▶ [WORK INSTRUCTION]: Would you transcribe the whole listing exactly, minus its pictures?

▶ [SUPPLIED INFORMATION]:
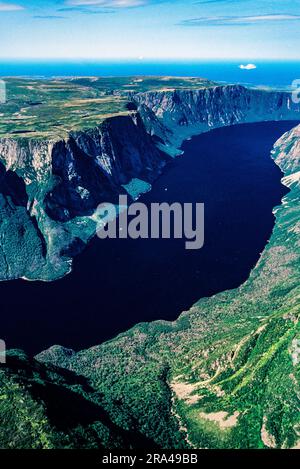 Luftaufnahme des Gros Morne National Park, Neufundland, Kanada Stockfoto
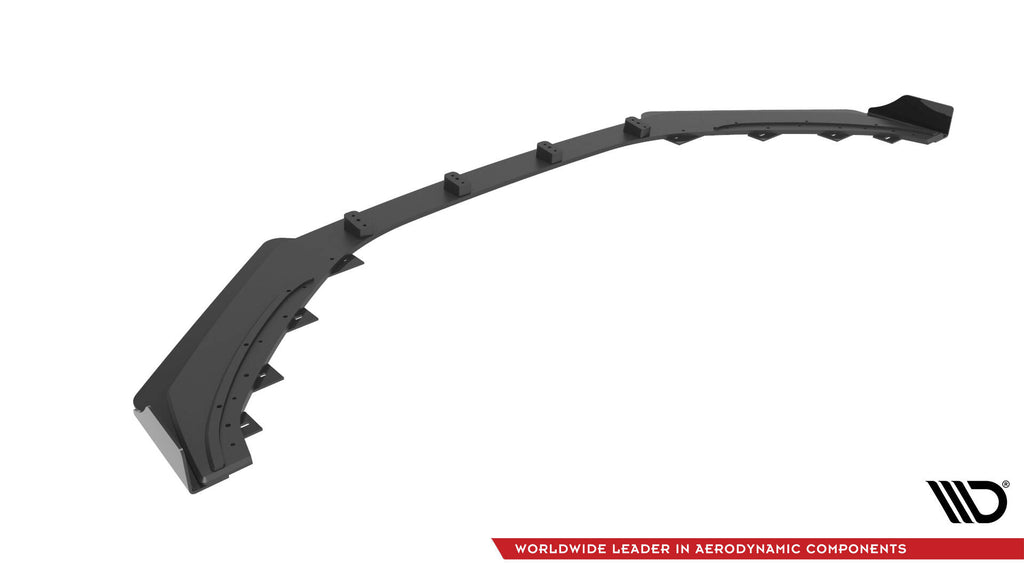 Maxton Design Street Pro Street+ Spoilerlippe Front Ansatz + Flaps passend für Hyundai Veloster N Mk2 schwarz Hochglanz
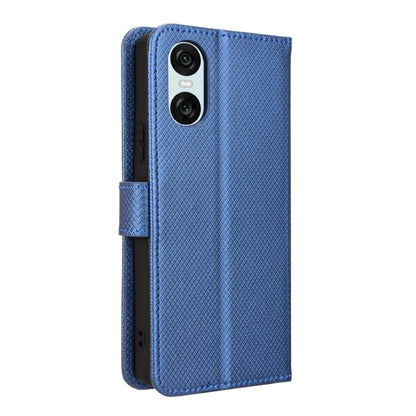 For Sony Xperia 10 VI 2024 Diamond Texture Leather Phone Case(Blue) - Sony Cases by buy2fix | Online Shopping UK | buy2fix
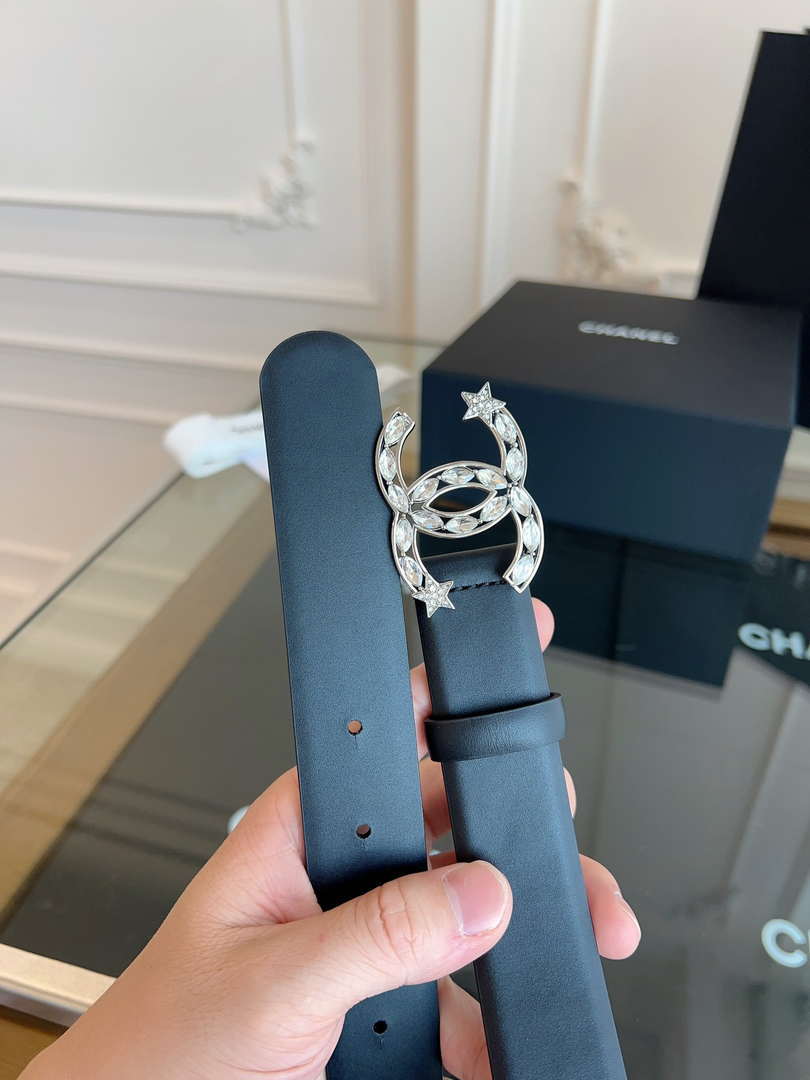 Chanel CC Sheepskin leather 3.0cm belt AA0945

▶ [WRITTEN ANSWER]:
 Luftaufnahme des Gros Morne National Park, Neufundland, Kanada Stockfoto
 Maxton Design Street Pro Street+ Spoilerlippe Front Ansatz + Flaps passend für Hyundai Veloster N Mk2 schwarz Hochglanz
 For Sony Xperia 10 VI 2024 Diamond Texture Leather Phone Case(Blue) - Sony Cases by buy2fix | Online Shopping UK | buy2fix
 Chanel CC Sheepskin leather 3.0cm belt AA0945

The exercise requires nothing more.